Charles Ellicott Commentary

Acts 18:9

1819–1905
Anglican
SCRIPTURE

"And the Lord said unto Paul in the night by a vision, Be not afraid, but speak and hold not thy peace:" — Acts 18:9 (ASV)

Then spoke the Lord to Paul.—We note the recurrence of these visions at each great crisis of the Apostle’s life. He had seen the Lord at his conversion (Acts 9:4–6); he had heard the same voice and seen the same form in his trance in the Temple at Jerusalem (Acts 22:17).

Now he saw and heard them once more.
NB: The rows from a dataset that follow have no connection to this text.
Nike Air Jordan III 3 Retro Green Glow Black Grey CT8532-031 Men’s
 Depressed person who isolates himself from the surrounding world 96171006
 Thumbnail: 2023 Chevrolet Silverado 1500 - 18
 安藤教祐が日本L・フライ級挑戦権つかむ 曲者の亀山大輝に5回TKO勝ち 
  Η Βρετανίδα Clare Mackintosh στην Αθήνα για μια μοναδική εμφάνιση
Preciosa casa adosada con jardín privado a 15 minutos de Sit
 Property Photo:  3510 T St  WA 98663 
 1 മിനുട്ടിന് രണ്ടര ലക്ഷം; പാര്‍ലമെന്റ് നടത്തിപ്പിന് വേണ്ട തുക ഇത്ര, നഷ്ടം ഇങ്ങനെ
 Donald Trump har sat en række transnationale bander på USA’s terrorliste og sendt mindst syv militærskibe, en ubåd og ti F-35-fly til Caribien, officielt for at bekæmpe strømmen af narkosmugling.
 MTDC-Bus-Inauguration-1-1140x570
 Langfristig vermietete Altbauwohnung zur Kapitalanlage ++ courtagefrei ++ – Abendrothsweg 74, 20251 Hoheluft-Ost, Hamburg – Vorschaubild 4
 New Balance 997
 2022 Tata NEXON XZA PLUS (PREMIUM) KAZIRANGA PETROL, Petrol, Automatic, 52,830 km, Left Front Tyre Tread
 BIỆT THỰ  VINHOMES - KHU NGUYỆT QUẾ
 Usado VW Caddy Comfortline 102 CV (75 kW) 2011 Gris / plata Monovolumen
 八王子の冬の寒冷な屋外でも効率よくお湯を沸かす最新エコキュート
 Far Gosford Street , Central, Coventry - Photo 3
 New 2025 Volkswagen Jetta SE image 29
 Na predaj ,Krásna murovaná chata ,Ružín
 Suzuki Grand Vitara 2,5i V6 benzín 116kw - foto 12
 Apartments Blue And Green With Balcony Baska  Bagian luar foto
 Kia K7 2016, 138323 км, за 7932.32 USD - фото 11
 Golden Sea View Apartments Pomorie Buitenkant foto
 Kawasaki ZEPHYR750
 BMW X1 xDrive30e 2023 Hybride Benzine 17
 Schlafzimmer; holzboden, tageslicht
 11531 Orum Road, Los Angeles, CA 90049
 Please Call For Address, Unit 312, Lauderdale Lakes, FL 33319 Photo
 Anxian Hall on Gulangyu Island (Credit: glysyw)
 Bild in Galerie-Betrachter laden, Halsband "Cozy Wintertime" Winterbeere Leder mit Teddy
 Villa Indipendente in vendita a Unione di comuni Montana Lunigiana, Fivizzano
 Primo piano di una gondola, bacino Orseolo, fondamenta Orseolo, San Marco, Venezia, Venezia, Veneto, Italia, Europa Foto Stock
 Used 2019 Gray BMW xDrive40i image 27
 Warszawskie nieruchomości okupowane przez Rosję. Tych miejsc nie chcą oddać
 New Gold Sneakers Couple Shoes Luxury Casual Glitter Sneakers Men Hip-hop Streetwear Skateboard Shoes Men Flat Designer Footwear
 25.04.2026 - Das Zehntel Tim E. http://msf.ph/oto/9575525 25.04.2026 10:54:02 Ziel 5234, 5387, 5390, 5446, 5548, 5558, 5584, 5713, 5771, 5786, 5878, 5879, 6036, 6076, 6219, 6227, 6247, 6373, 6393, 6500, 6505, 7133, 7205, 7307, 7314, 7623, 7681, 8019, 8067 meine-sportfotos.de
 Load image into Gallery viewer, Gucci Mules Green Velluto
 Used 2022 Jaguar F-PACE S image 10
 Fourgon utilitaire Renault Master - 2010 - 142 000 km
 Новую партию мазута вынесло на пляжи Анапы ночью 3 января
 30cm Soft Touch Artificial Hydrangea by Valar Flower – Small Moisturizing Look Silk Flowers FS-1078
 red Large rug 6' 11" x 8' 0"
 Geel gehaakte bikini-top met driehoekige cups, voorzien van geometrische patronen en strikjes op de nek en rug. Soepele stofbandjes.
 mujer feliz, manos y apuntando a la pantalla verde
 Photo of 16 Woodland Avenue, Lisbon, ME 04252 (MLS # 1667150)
In visions of the night, when deep sleep falleth upon men, he passed from the strife of tongues into the presence of the Divine Friend.

The words Be not afraid imply that he too was subject to fear and depression, and felt keenly the trial of seeming failure and comparative isolation. His converts came chiefly from the slave or freed-man class, and those of a culture like his own, whether Greeks or Jews, were slow to accept his preaching (1 Corinthians 1:26–27). And then, too, he carried, as it were, his life in his hands. The reviling of the Jews might any hour burst into furious violence or deliberate plots of assassination.

No wonder that he needed the gracious words, Be not afraid. The temptation of such a moment of human weakness was to fall back, when words seem fruitless, into the safety of silence, and therefore the command followed, Speak, and hold not thy peace. We are reminded of the like passing mood of discouragement in one great crisis of Elijah’s life (1 Kings 19:4–14), and perhaps even more of its frequent recurrence in Jeremiah (Jeremiah 1:6–8; Jeremiah 15:15–21).